All of a sudden, the cashier catches your attention by dangling potential savings in your face: “Would you like a 75 percent discount today by applying for our store credit card?”

However much that one-time discount is, your response should be “No, thank you,” and you should pay and leave. Why? Here are some reasons you don’t want that store credit card:

High interest rates. The interest rate on a store credit card will likely be higher than a traditional one you get directly from a bank. Why? Because of customers with a poor credit score, the store is taking a chance that they won’t make payments, so a higher interest rate is charged to everyone. The store-branded credit card may also charge higher late fees if a payment isn’t made on time. The good news is that it’s probably not going to charge you an annual fee.

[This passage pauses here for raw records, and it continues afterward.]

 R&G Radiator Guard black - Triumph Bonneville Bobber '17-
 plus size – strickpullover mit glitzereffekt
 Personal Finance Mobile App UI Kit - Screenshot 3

It can only be used at that company. You can’t use a Nordstrom credit card at Macys, Kohl’s or any other store. Department store credit cards can only be used at the store issuing them, which can be great if you shop there often and the card offers you discounts that you wouldn’t get otherwise. But if you don’t shop there a lot, then using it for one purchase and not paying it off in full when the bill comes will negate your savings.

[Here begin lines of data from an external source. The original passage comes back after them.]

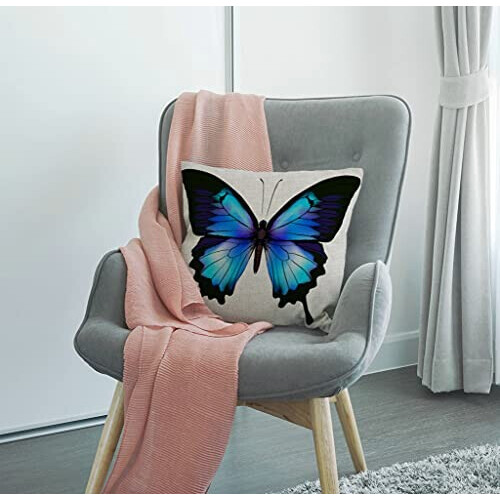 Housse de coussin Papillon multi coton 45x45 cm variant 2 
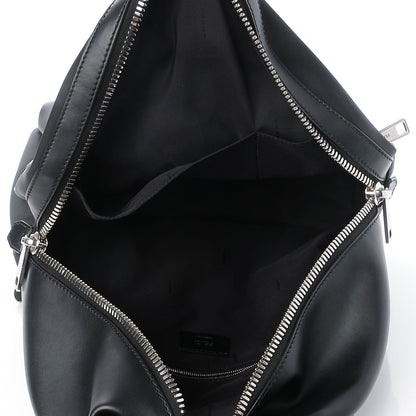 Fendi Nylon Vitello Liberty Face No Words Backpack Black 5 of 8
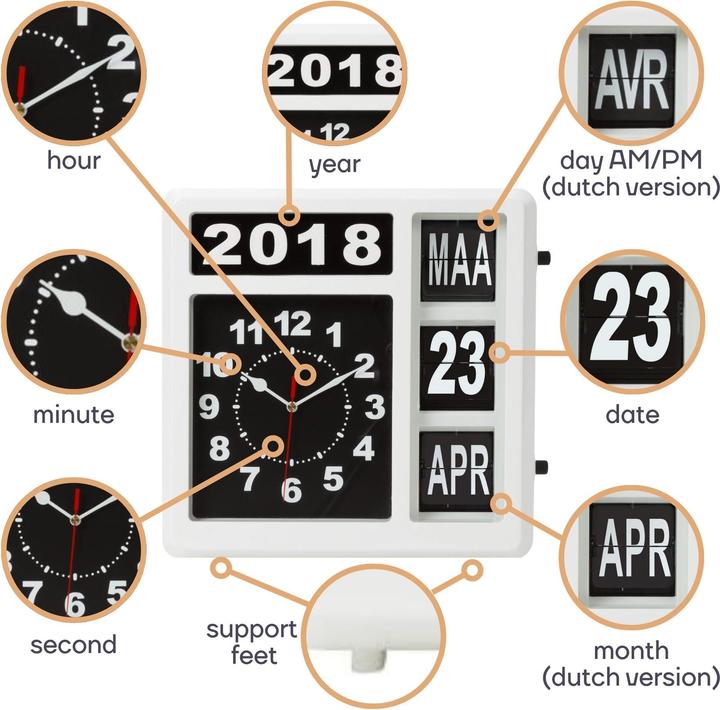 Produktbild Perel Wanduhr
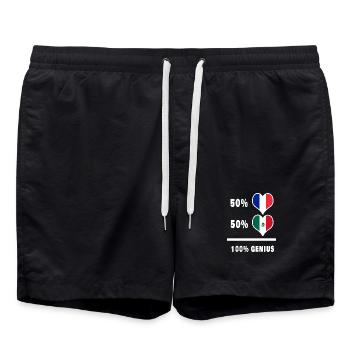 France et Mexique Génie / cadeau - Short de bain - noir - Devant - AI Model Male 185 light (185cm)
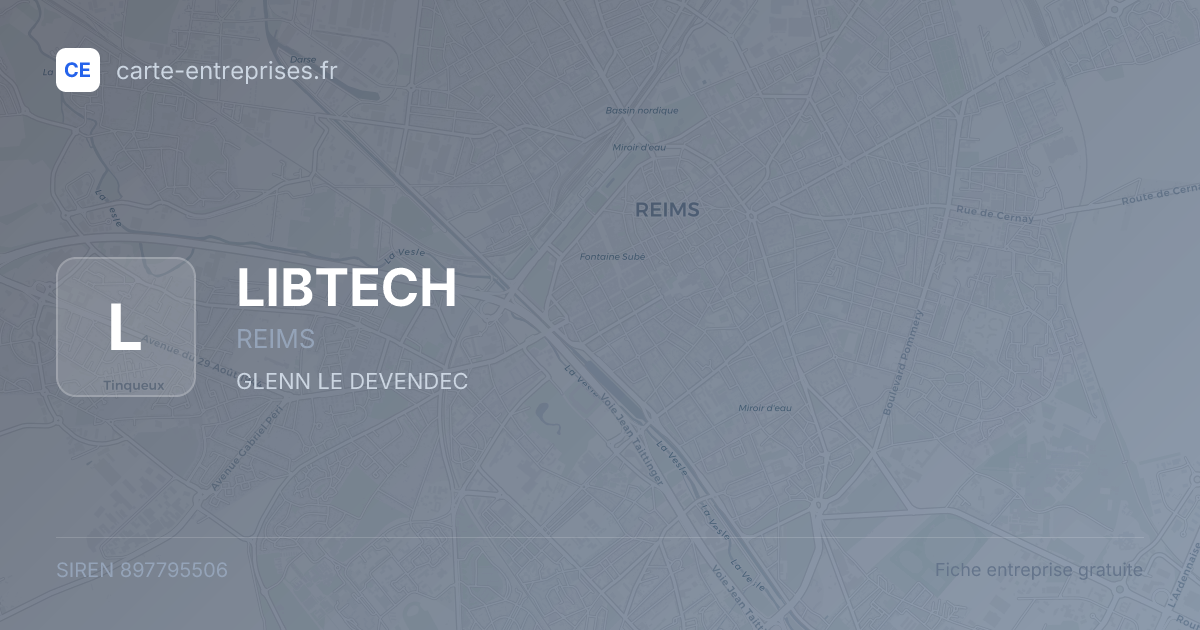 LIBTECH — 897795506 — fiche entreprise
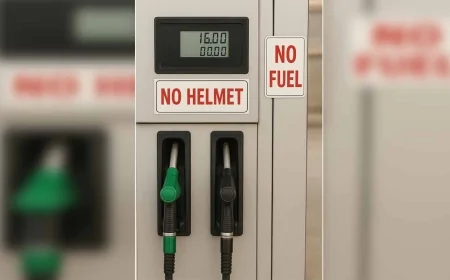 यूपी में 1 से 30 सितम्बर तक चलेगा 'नो हेलमेट, नो फ्यूल' विशेष अभियान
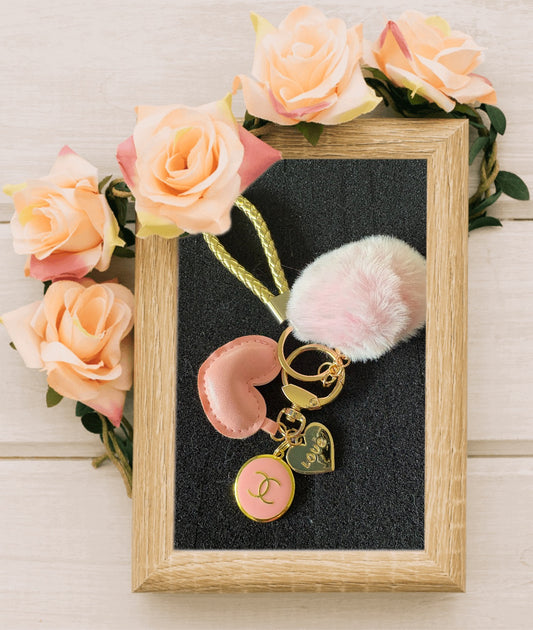 Keychain With Designer Inspired Charm #21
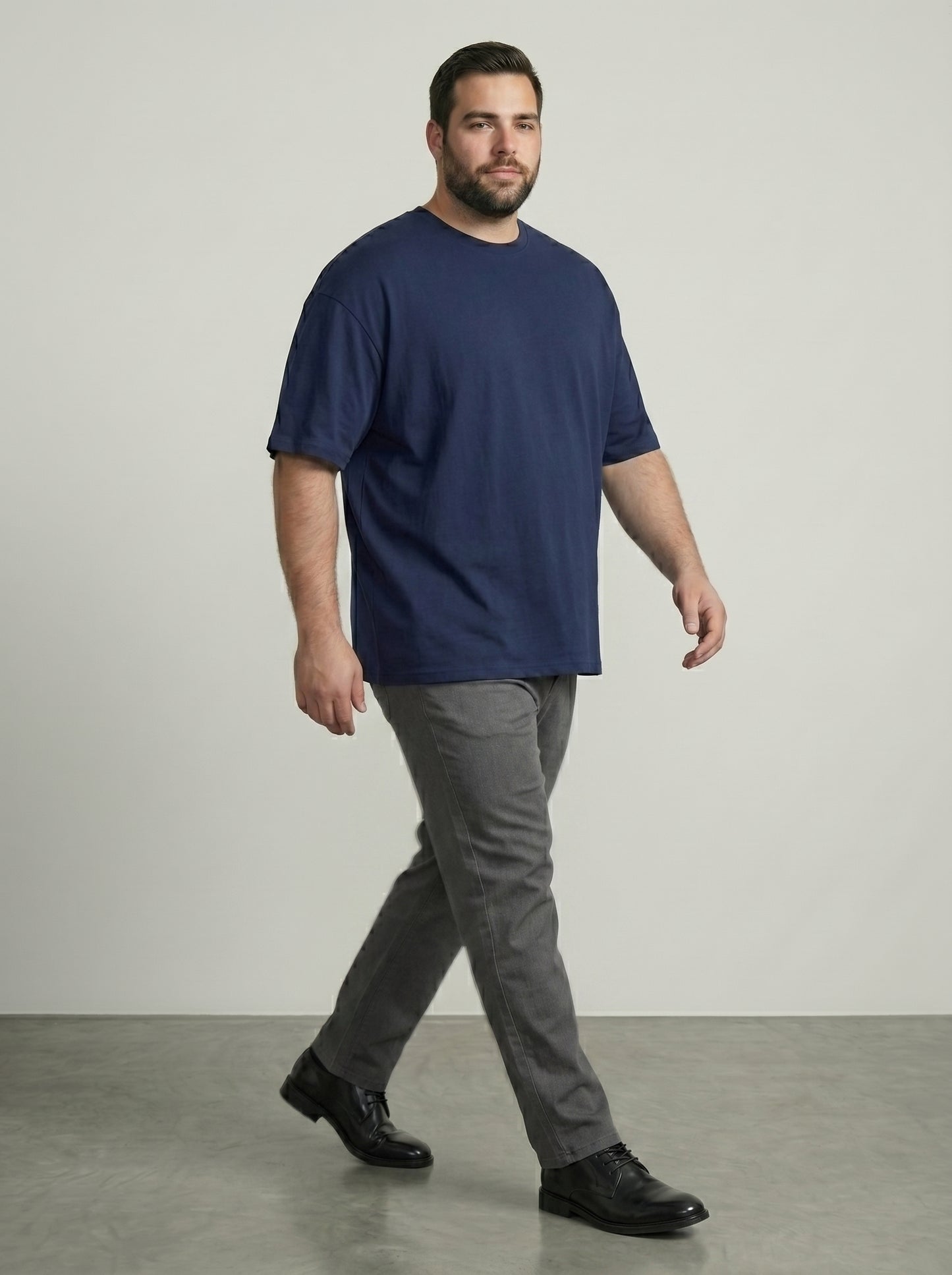 Premium 220 GSM Oversized Cotton T-Shirt – Unisex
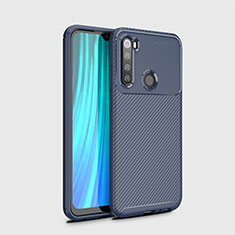 Funda Silicona Carcasa Goma Twill Y02 para Xiaomi Redmi Note 8 Azul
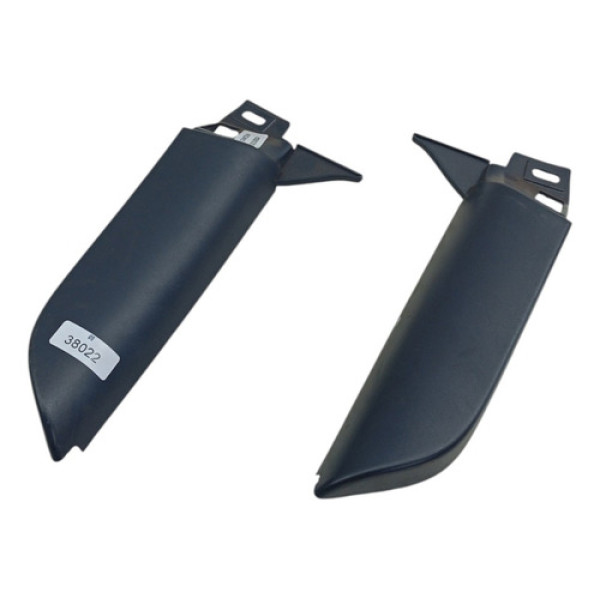 Par Acabamento Interno Retrovisor Vw Crossfox Fox 2003 2014 Preto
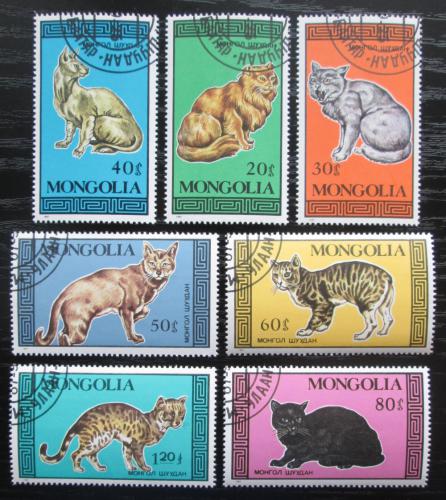 Poštové známky Mongolsko 1987 Maèky Mi# 1900-06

You may stop comparison shopping. Having a credit card tied to one store may encourage you to shop there more often or buy things you can’t afford. If it leads to the avoidance of other stores, it could prevent you from comparing prices and not getting the best deal.

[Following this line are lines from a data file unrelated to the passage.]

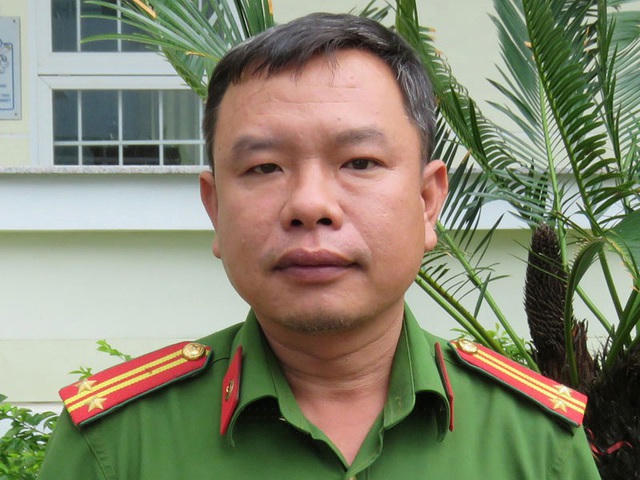 Cựu trung tá Nguyễn Việt Cường khi còn công tác trong ngành Công an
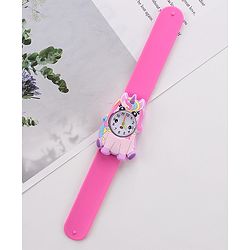 Babyhug Free Size Analog Watch - Dark Pink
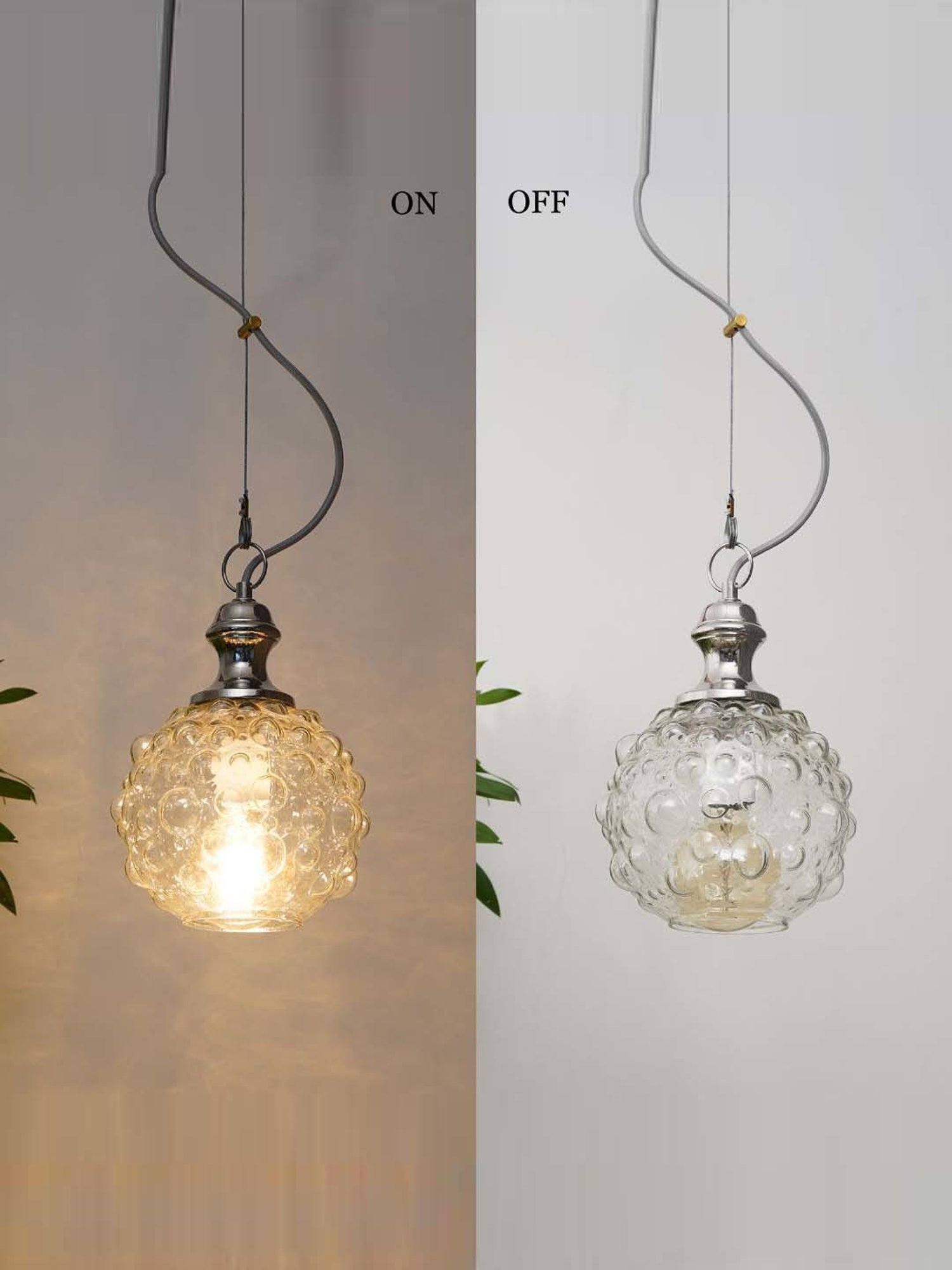Kapoor Lamp Shades Clear Glass Rawley Hanging Light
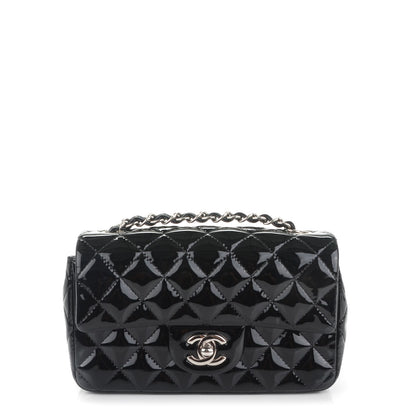 Chanel Patent Calfskin Quilted Mini Rectangular Flap Black 1 of 7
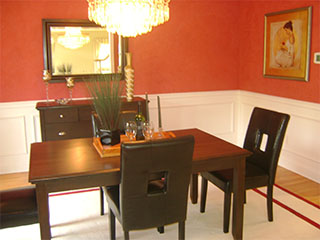 Red Dining Room After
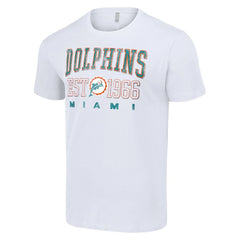 Miami Dolphins Starter Throwback Logo T-Shirt White | NFL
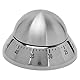 Küchentimer, Edelstahl, Metall, Mechanischer Countdown-Kochtimer mit Lautem Alarm und Rutschfester Basis für Küche, Kochen, Backen, Heim-Desktop-Dekor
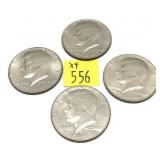 x4- Kennedy non-silver half dollars, -x4 half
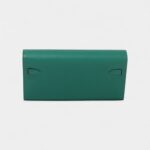 Hermès Kelly Wallet To Go Vert Jade & Bleu Brume Epsom Palladium Hardware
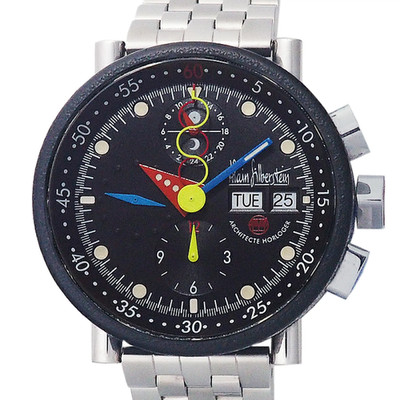 Alain Silberstein KB41 Chrono Uhr Herren Automatik Schwarzes Zifferblatt 40 mm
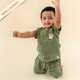 Olive Crumbs - Crinkled Muslin Co-ord Set
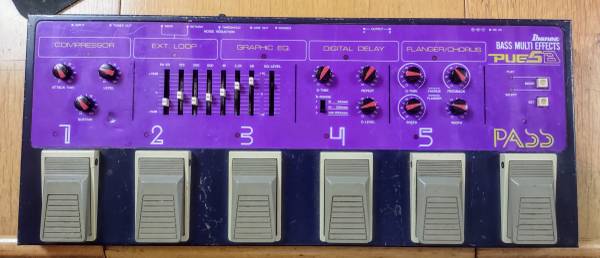 Ibanez PUE5B Multieffects Pedal by Maxon 1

When the Card Is Right for You

If you’re planning on making a major purchase at a store that has a branded credit card, it can be worthwhile if the card allows you to pay off the purchase over 12 months or so without paying any interest. This can be the best time to use a store’s credit card, as it’s like borrowing money for free. The key is to make monthly payments—whether required or not—and pay it off before the interest-free period ends. If you don’t, the card may charge you interest on the entire purchase from the date you opened the card.